■ **Data excerpt**:

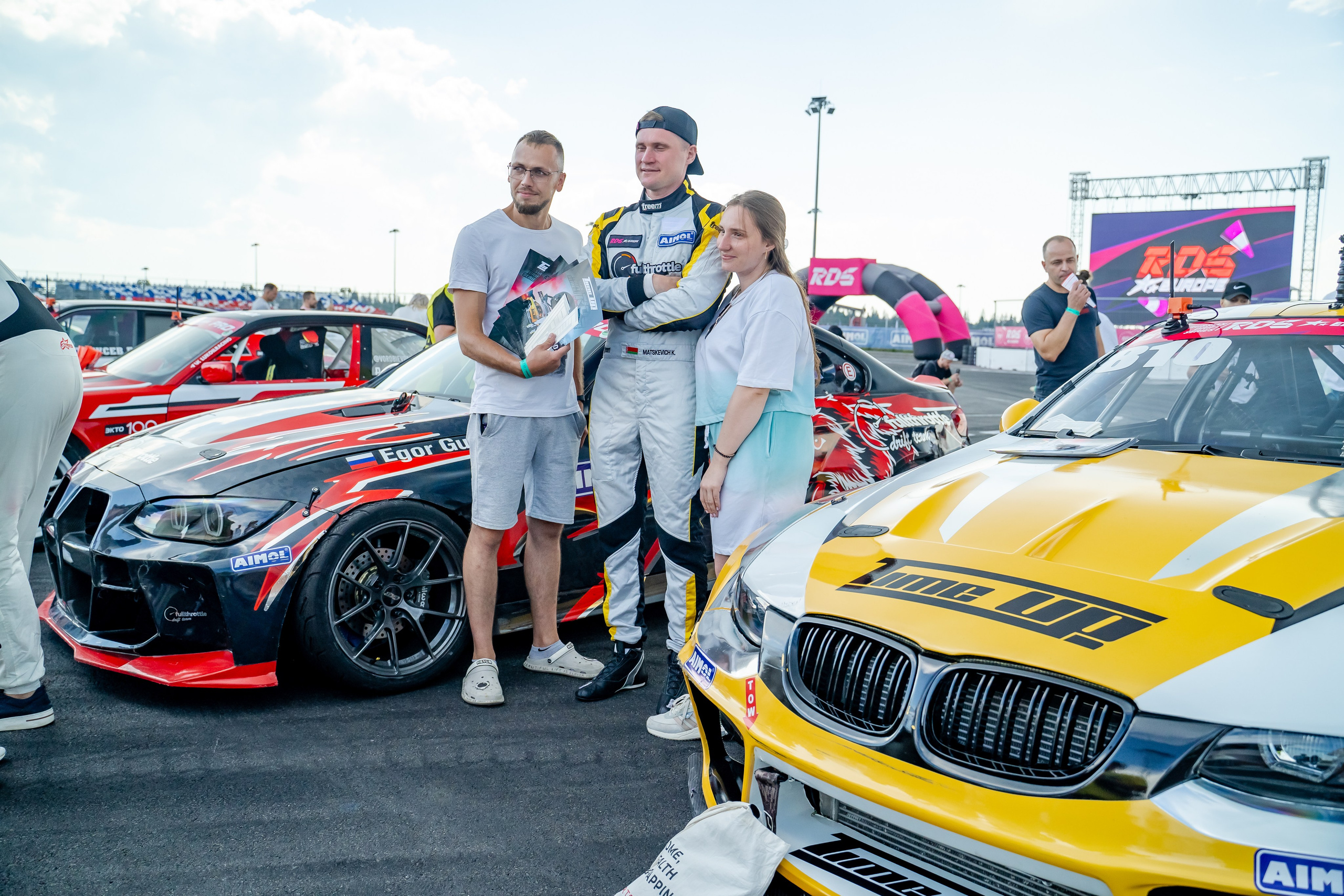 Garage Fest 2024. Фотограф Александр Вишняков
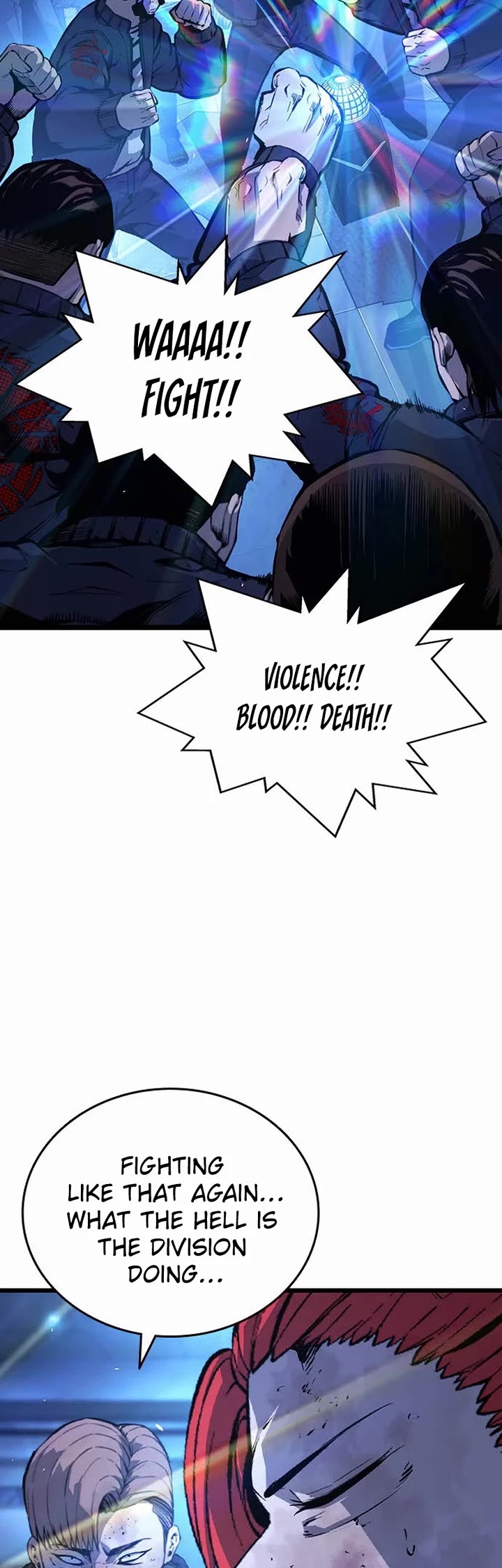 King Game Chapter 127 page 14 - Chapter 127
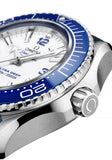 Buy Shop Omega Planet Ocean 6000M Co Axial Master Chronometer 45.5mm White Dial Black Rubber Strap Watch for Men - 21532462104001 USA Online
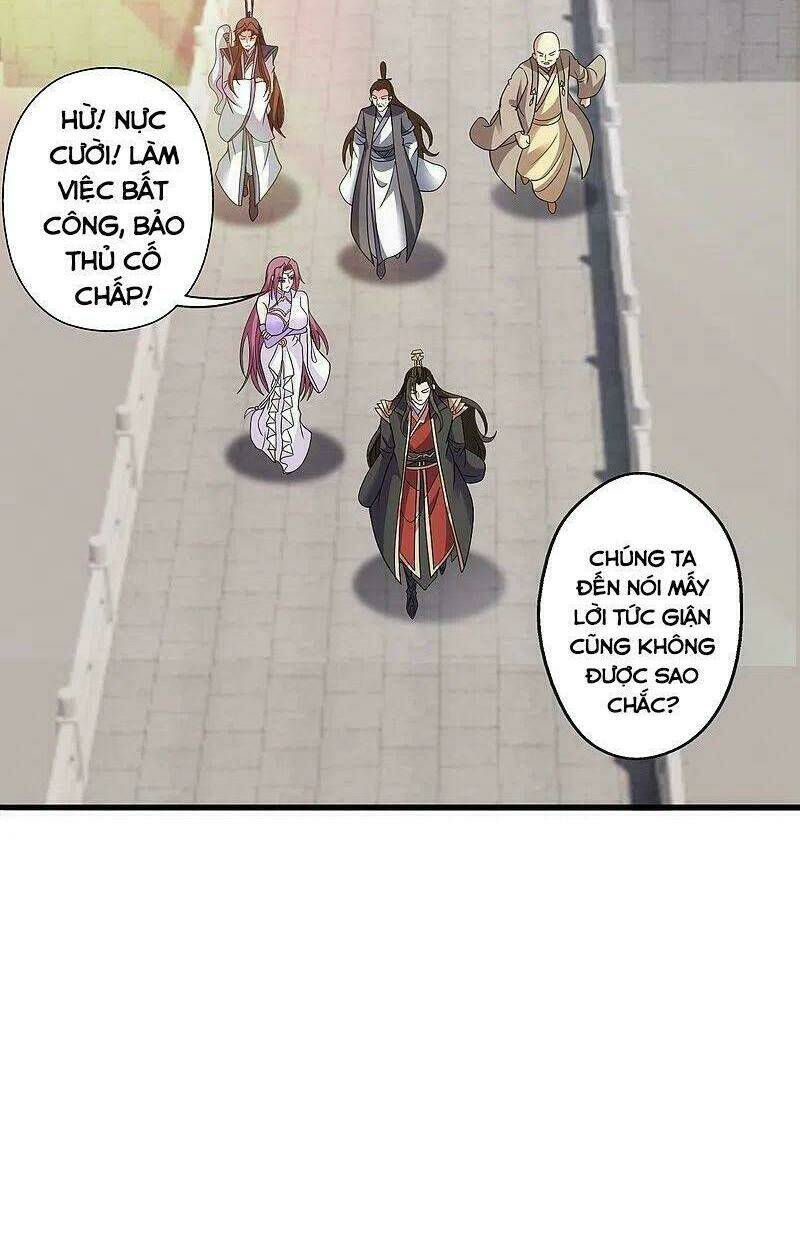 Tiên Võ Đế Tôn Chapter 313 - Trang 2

■ **What needs to be done**: A word-for-word copy is required of the lines above from the line with "Buy Shop Omega" through the last line of the data; no other lines and no pictures belong in it.

■ **Result for this exercise**:
 Buy Shop Omega Planet Ocean 6000M Co Axial Master Chronometer 45.5mm White Dial Black Rubber Strap Watch for Men - 21532462104001 USA Online
 Tiên Võ Đế Tôn Chapter 313 - Trang 2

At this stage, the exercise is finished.